The line of action of the force from the wall at A must pass through the intersection of the line of action of the weight of the beam (Mg) and the tension in the wire CB
If there are only 3 forces acing and the system is in equilibrium then the lines of action of the three forces must pass through one point.
This is a way of saying there is no overall turning effect

4. Dec 15, 2011

### aaaa202

Re: equilibrium

Aleph: hmm I'm sorry but I don't really understand those terms - I'm not that familiar with english, especially not physicsoriented english-speaking. Can you please explain it in another way?
The only solution I could come up with was that the vertical component of wires force was such that the torques balanced and then the friction force did the rest of the job of keeping up the center of mass, since that would exert no torque. But then, I wanted to know if it was possible without friction..
Tech: the rod is attached to an axle so it is definately not fixed. So the conclusion would be that it is not possible without accounting for friction right?

In general what do both of you mean by "the line of action"? Just the direction of the force?

5. Dec 15, 2011

### AlephZero

Re: equilibrium

Draw the vectors showing the direction of the three forces acting on the bar

You know the force from the weight acts vertically.
You know the force from the wire acts along the wire.

Those two vectors intersect at a point (half way along the wire).

Take moments about that point. The moment of all 3 forces must be 0. So the direction of the force at the wall must also pass through the same point.

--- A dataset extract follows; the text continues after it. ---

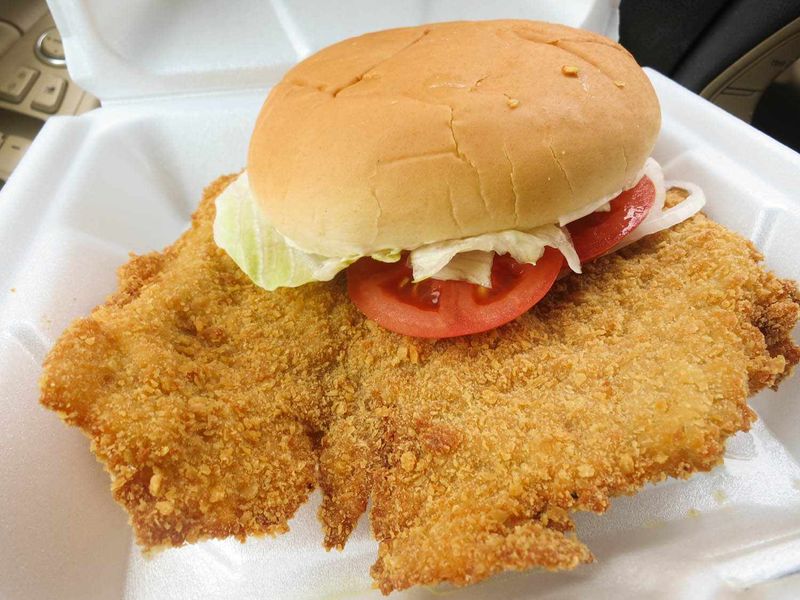 Pork Tenderloin Sandwich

But the force at the wall can only act in that direction if there is friction at the wall......

6. Dec 15, 2011

### aaaa202

Re: equilibrium

hmm I tried that but doesn't really give me anything. But hey! When you say force at the wall are you then suggesting like an upwards normal force? Because when I said friction I was more or less also referring to normal forces of any kind. Indeed that would be able to explain since the string then only would have to lift such that the torques balanced and then the normal force would do the rest of the work. Is that what you are trying to say?

7. Dec 15, 2011

### AlephZero

Re: equilibrium

If the bar is horizontal, the the force at the wall must have a horizontal and a vertical component, because the resultant of those who components must pass through the same point at the other two forces (the middle point of the string). If there is no vertical force at the wall, because there is no friction, the bar will not be in equilibrium.

The bar can be in equilibrium without friction if it is sloping downwards, so the end touching the wall is at the same height as the middle point of the string.